ニュース 2002年6月3日 04:57 PM 更新

IMウイルスを甘く見ちゃいけない

人気のIMソフトをターゲットにしたウイルスが、今後増えていくことは確実だ。企業のIMをセキュアにする方法は?

 セキュリティソフト/アドバイザリー企業のInternet Security Systems(ISS)が、インスタントメッセージ(IM)アプリケーションは便利だが、注意した方がいいと警告している。

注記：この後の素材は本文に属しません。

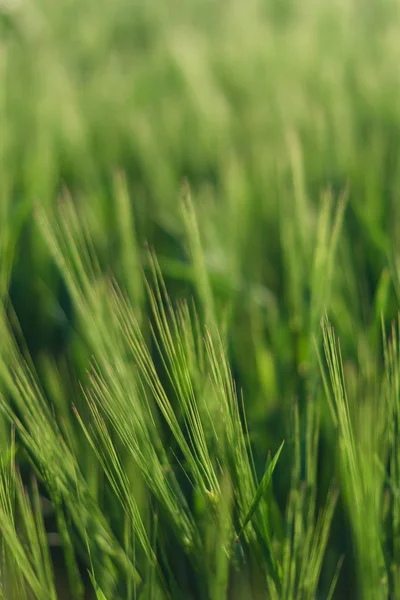 Grass on a green background.  Macro. Wallapaper — Stock Photo, Image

 なぜか? 企業各社が電子メールウイルスを以前より上手にくい止められるようになった今、将来的に、IMアプリが悪質なコードやウイルスの次なるターゲットであることは明らかだからだ――。ISSの研究開発ディレクター、Dan Ingevaldson氏はこのように言う。また、最もポピュラーなチャットアプリは、テキストメッセージにセキュリティレイヤーを使っていない。つまり、誰でもIMチャットを傍受して企業のファイアウォールの外から読めてしまうということだ。

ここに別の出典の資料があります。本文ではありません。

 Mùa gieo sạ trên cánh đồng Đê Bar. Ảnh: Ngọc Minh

 IMクライアントへの感染に成功したワームはこれまでもいくつかある。AOL Instant Messenger(AIM)経由で拡散するAplore。ICQを使うGoner(12月5日の記事12月11日の記事参照)。そしてCoolNowMessage from Jerry(Hello)、Choke(2001年6月の記事参照)は、MSN Messenger経由で感染を広げる。Yahoo! Messengerへの感染に成功したワームは今のところない。

 今年に入り、セキュリティ団体のw00w00がAIMについて2度バッファオーバーフローの問題を指摘している。最初は1月、2回目は4月だった。これらの脆弱性は、攻撃者が対象ユーザーの友達リストを盗み、AIMコミュニティ全体に悪質なコードを広げ、ユーザーのコンピュータ上で実行する危険があるものだった。AOLは既にこれらを修正している。

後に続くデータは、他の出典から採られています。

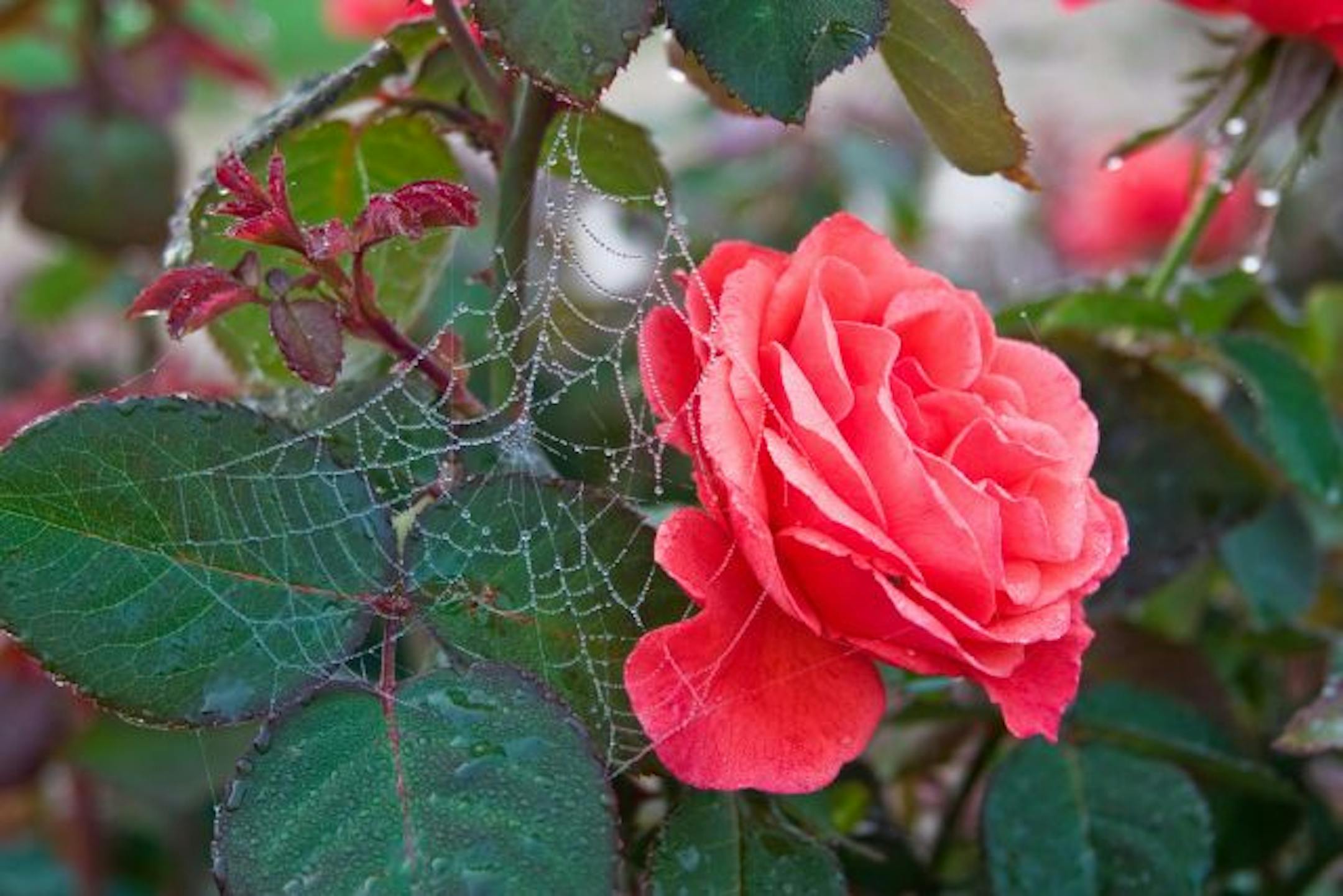 This beautiful park graces the shores of Lake Superior in Duluth. A spectacular extension of Leif Erikson Park, Duluth's Rose Garden offers a beautiful arrangement of more than 3,000 rose bushes and other floral delights. There's also a fountain, a marble gazebo, an herb garden and plenty of benches overlooking the lake. From the book "Picture Duluth," by Dennis O'Hara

 ISSは、システム管理者がAIM、MSN Messenger、Yahoo! Messenger、ICQに関連して導入できる技術対策について詳しく述べた白書を発行している。

 ISSのIngevaldson氏は、仕事中は従業員のIM利用を禁じている企業も多いと言う。問題は、パンドラの箱が開かれてしまったことだ。IMは、電話と電子メールの中間の隙間のニーズを受けるものだ。速いし、押しつけがましさもさほどない。加えて、従業員にIMをインストールさせないのは無理に近い。デフォルトのIMポートが遮断されているのに気付いた従業員に、プロキシを使わせないようにするのも難しい。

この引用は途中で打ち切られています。